It took a decade, but at the end of his Notre Dame tenure, Brian Kelly leaned all the way into the Irish rivalry with USC. He hinted at it in 2019 — “To win against your rival is one of the things that we’ve wanted to do,” he said after his third straight win against the Trojans. — but only in 2021 did Kelly approach becoming USC’s heel.

It began when he tied Knute Rockne’s all-time wins record at Notre Dame that September, crediting the fact that the university had kept one director of athletics and one president throughout his entire coaching tenure. When Kelly left South Bend a few months later after 12 seasons as the Irish head coach, USC was on its third president since Kelly was hired, its fourth athletic director and hired its sixth head coach 36 hours before Kelly’s LSU plans became public.

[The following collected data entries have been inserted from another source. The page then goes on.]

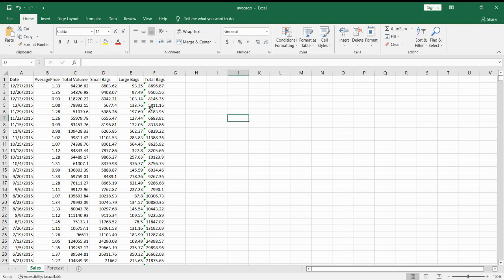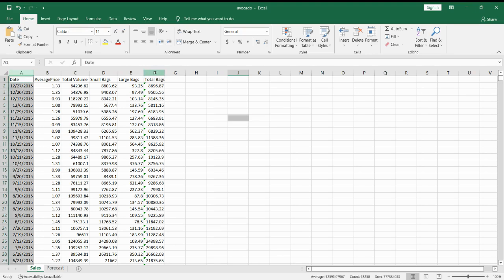Since we are highlighting multiple columns, it's best to click on Control first, then click on the columns you want. In this case, it would be column A and column F.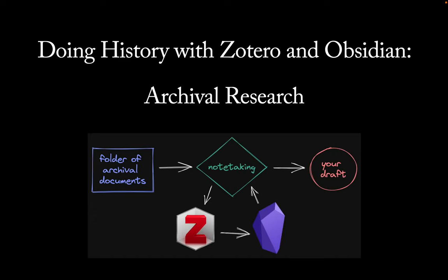Welcome to Doing History with Zotero and Obsidian. Today I will explain how to use these tools to do archival research.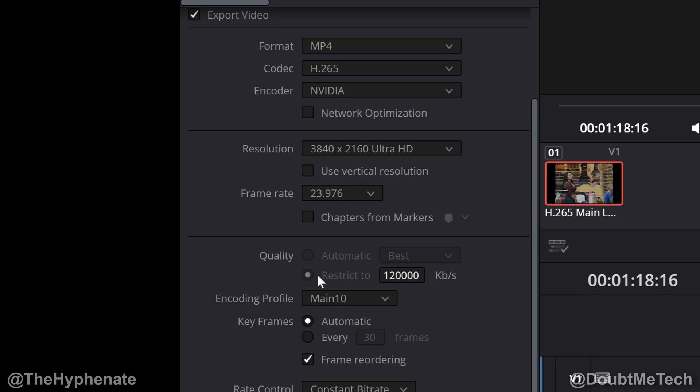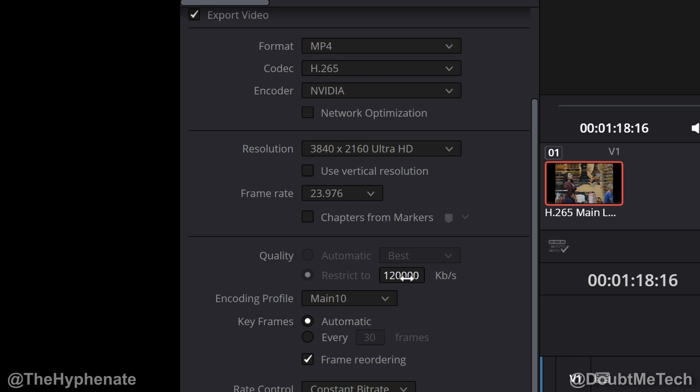Under quality you can click on restrict to, but if you go down to rate control, normally it's at variable bitrate. By default I like to have that to constant bitrate, which will change the quality options to be grayed out and you can only choose the kilobits per second. When I'm doing 4K 10-bit 24p for my highest quality, I'll go to 120,000 kilobits per second. If I'm doing 30 frames per second I'll do 150,000, and if I'm doing 60p video I'll have this set to 200,000.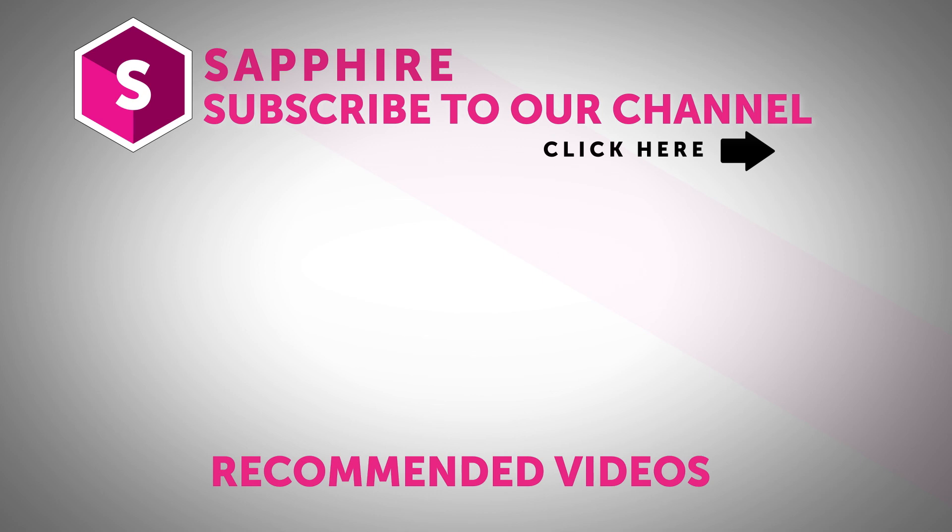Also, follow Boris FX on YouTube, Facebook, and Twitter to stay up to date with the latest information and training materials on Continuum, Sapphire, Mocha Pro, and all of the Boris FX products.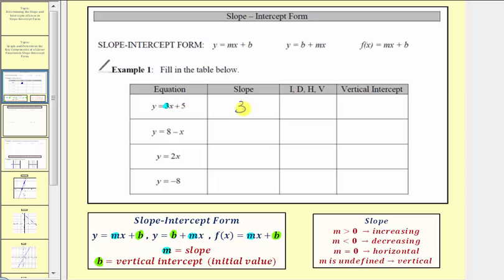Because our slope is positive, this indicates that the line is increasing. And now we want to find the vertical or y-intercept, which would be b. Notice that b is equal to five, which means the line crosses the vertical axis at five, giving us the ordered pair zero comma five.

Kelly did not necessarily need to point toward the Trojans when he tied Rockne at 105 wins, but he did so, anyway.

“We’re going to play our rival, and they’ve had a number of different head coaches at their university,” Kelly said. “I’m talking about our rival on the West Coast, and this is not to smear them at all. It requires consistency to get to these marks.”

Kids these days would call that “catching a stray.”

Kelly doubled down when Notre Dame beat USC the next month, a 31-16 win coming off the rivalry’s first year off since World War II.

“It’s our rivalry game at Notre Dame,” he said after that win. “I know there’s a lot of teams that play us and consider it a big rivalry, and certainly I understand why, but this is our game and it means a lot, it means a lot to our kids, it means a lot to our university, everybody associated with it. To come out victorious feels really good.”

That was all rather generic, if still to the point. More abruptly, Kelly was later asked about winning four in a row against USC. He cut off the question.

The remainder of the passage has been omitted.